Extracted records:
== == ==

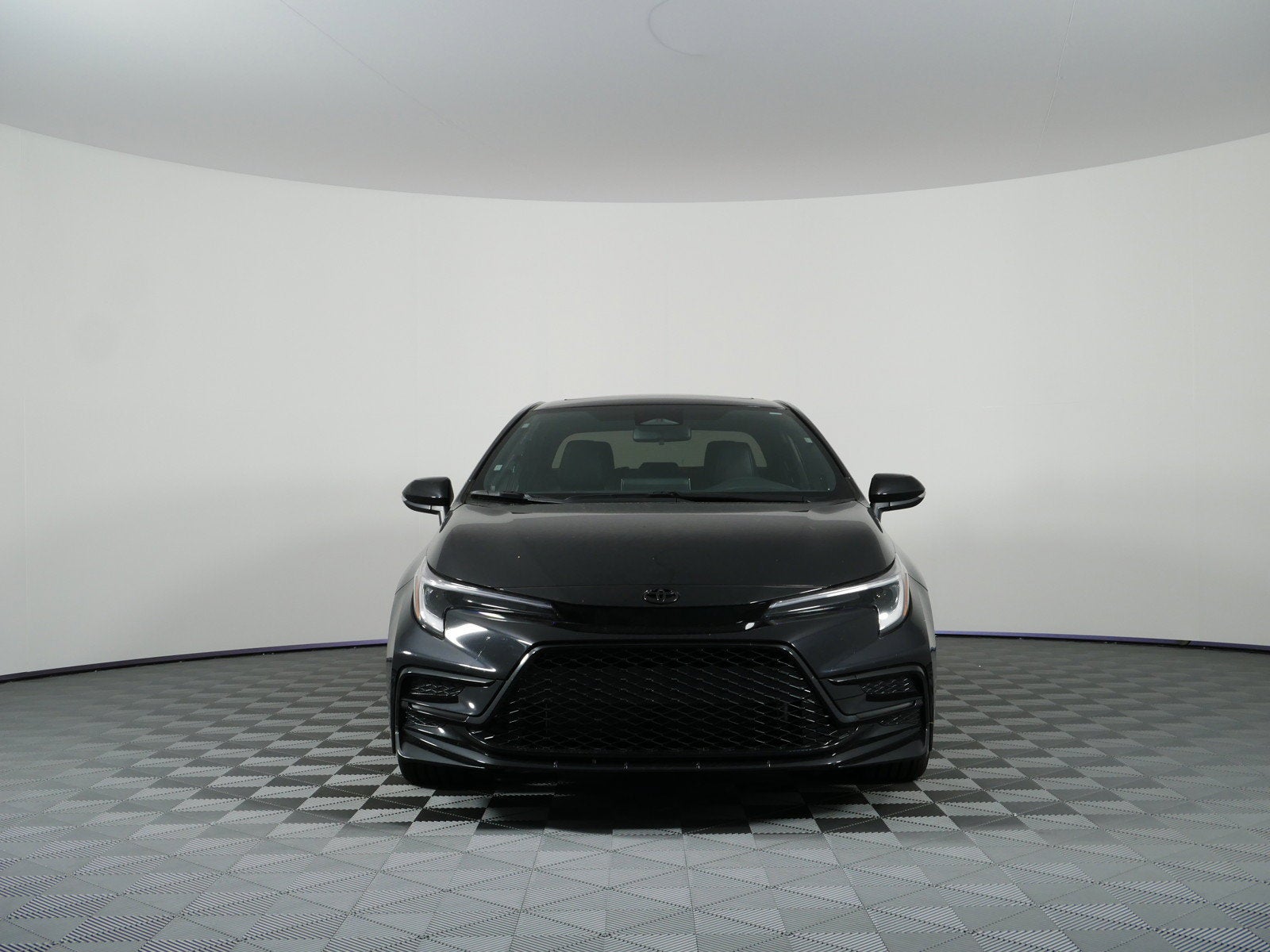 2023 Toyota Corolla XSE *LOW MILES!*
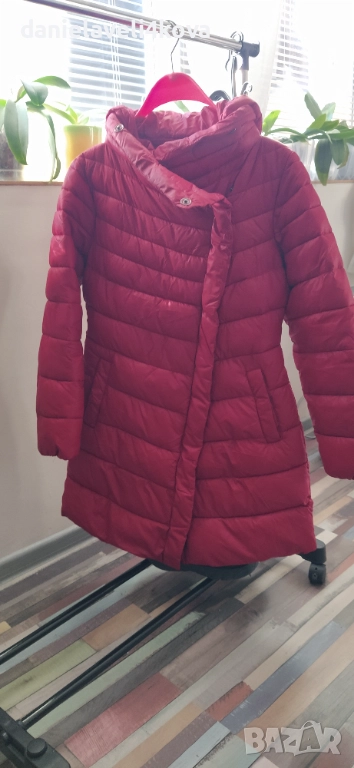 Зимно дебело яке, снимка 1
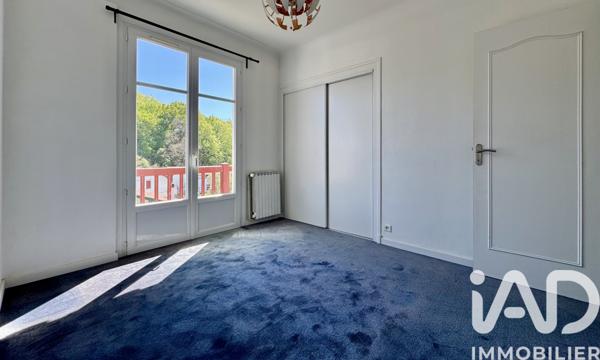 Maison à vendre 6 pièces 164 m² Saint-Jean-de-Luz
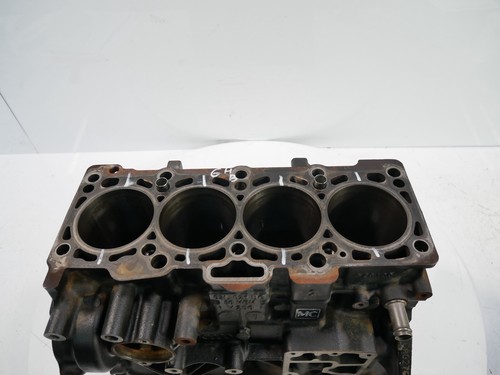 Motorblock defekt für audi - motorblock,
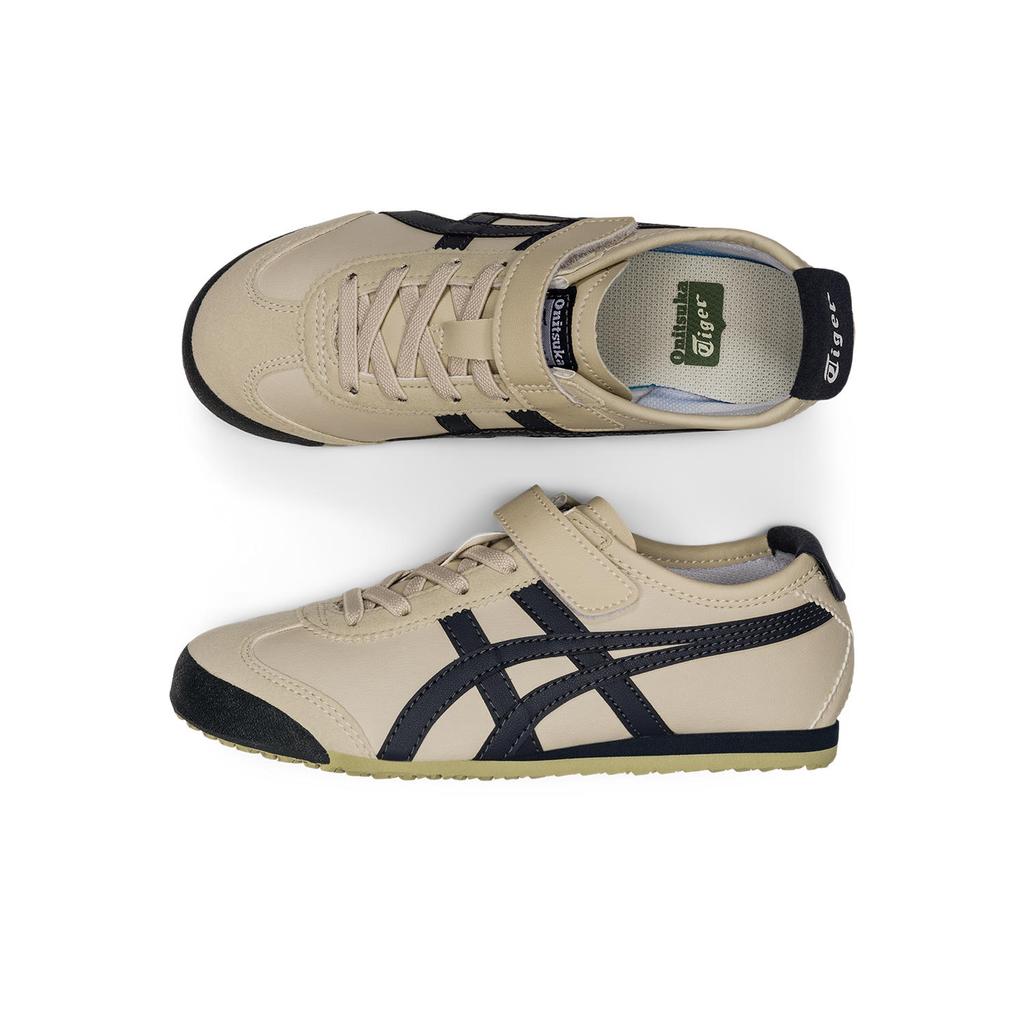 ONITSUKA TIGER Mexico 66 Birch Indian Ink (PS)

== == ==

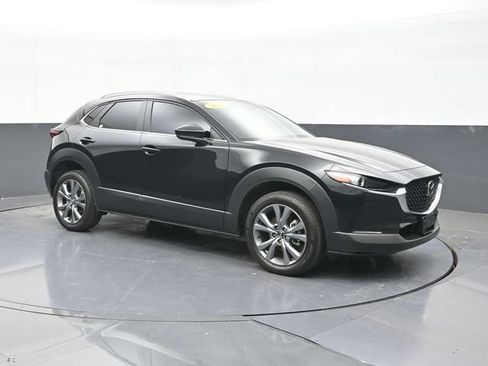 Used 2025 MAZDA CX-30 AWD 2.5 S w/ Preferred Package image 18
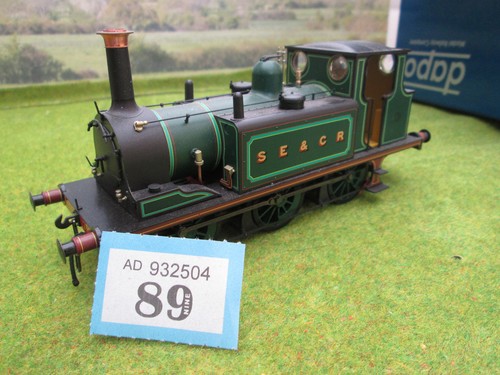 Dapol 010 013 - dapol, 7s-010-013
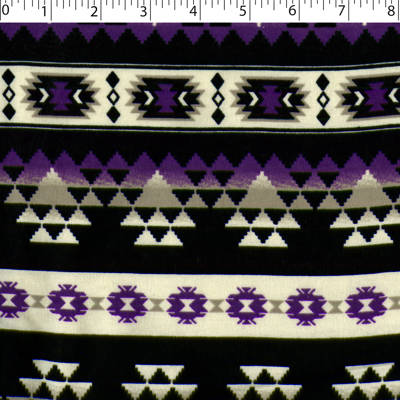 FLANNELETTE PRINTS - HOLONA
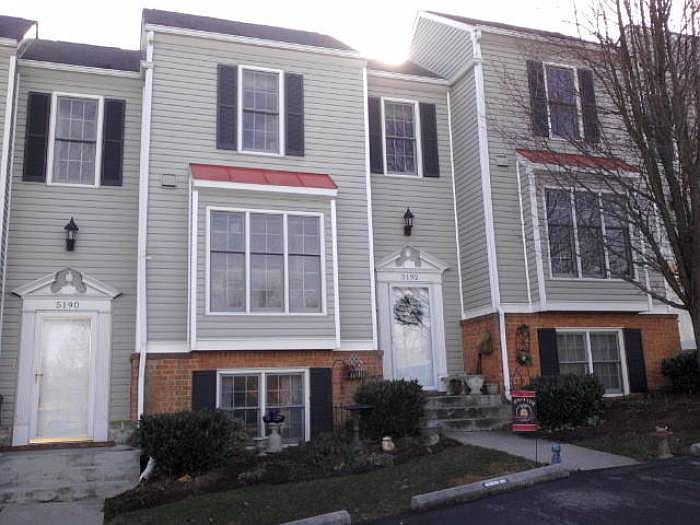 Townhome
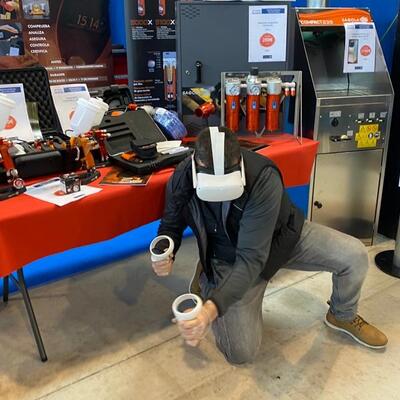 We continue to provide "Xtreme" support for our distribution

== == ==

◆ **EXERCISE DESCRIPTION**: All pictures are to be skipped. Output, word for word, the lines in the data above starting at the line containing "Used 2025 MAZDA" and ending at the line containing "We continue to".

◆ **WRITTEN RESPONSE**:
 Used 2025 MAZDA CX-30 AWD 2.5 S w/ Preferred Package image 18
 Dapol 010 013 - dapol, 7s-010-013
 FLANNELETTE PRINTS - HOLONA
 Townhome
 We continue to provide "Xtreme" support for our distribution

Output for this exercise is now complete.